Diese Prozesse sind Teil des gesellschaftlichen Wandels in Richtung post-industrielle Gesellschaft, denn das Geschlechterverhältnis wird dabei in anderer Weise thematisiert und reguliert als im industriegesellschaftlichen Kontext. Es spiegelt sich die Veränderung des subjektiven Sinns von Berufstätigkeit auch in den öffentlich kommunizierten Leitbildern, an denen sich das individuelle Handeln implizit orientiert; während bislang eine krasse Alternative zwischen der "guten Mutter" und der "berufstätigen Frau" gesehen wurde, setzt sich nun das (post-industrielle) Leitbild der berufstätigen Mutter durch. Eine außerhäusliche Tätigkeit schadet demnach dem Kind nicht. Dass dieses Leitbild heute das bei weitem dominante ist, ist empirisch belegt, und daran können auch publizistische Schlachten, die immer wieder neu eröffnet werden, nichts ändern. Zur Illustration ein prägnantes Zitat aus einer Studie, die in meinem Arbeitsbereich kürzlich abgeschlossen wurde: "Je berufstätiger ich bin, desto besser bin ich als Mutter."

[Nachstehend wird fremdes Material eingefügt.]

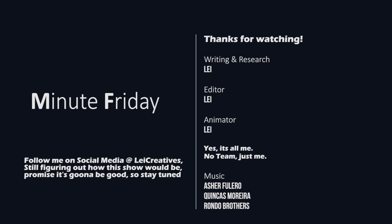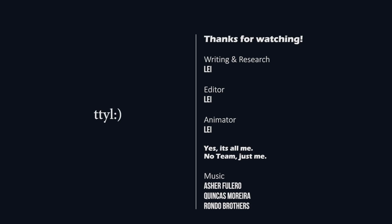That's it. Thank you all for watching. Hope you guys learned something from today's video. Subscribe to this channel if you did, and like this video if you find this content and this new format interesting. I'll see you guys next Friday — well, I'm gonna see you guys earlier than that, but Minute Friday is coming back next Friday. Talk to you guys later.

Zugleich wird der eigenständige Berufsverlauf von Frauen auch institutionell gefordert; während im industriegesellschaftlich geprägten "Modell Deutschland" die Institutionen einschließlich der Tarifpolitik so gebaut waren, dass ab dem Facharbeiterniveau ein Familienlohn gezahlt wurde, soll heute tendenziell jeder und jede Erwachsene für den eigenen Lebensunterhalt erwerbstätig sein. So nimmt die Sozial- und Arbeitsmarktpolitik zunehmend den "adult worker" (Lewis 2004) in den Blick – die erwachsene Person, die unabhängig von Geschlecht und Lebensform erwerbstätig ist. In der Renten- und der Arbeitslosenversicherung wird zunehmend der je individuelle Beitrag für die Absicherung relevant, die überkommene ehebezogene Absicherung verheirateter Frauen ist schon jetzt vielfach nicht mehr "armutsfest". Konzeptionell kann hinter dieser Tendenz der Übergang vom "sorgenden Wohlfahrtsstaat", der dem einzelnen Erwerbstätigen Stabilität und Erwartungssicherheit bot, zum "aktivierenden Wohlfahrtsstaat" identifiziert werden (vgl. die Beiträge in Evers/Heinze 2008), der von den Erwerbstätigen aktive Erwerbsstrategien, Mobilität, Innovationsbereitschaft – insgesamt die Fähigkeit, mit Unsicherheit produktiv umzugehen, erwartet.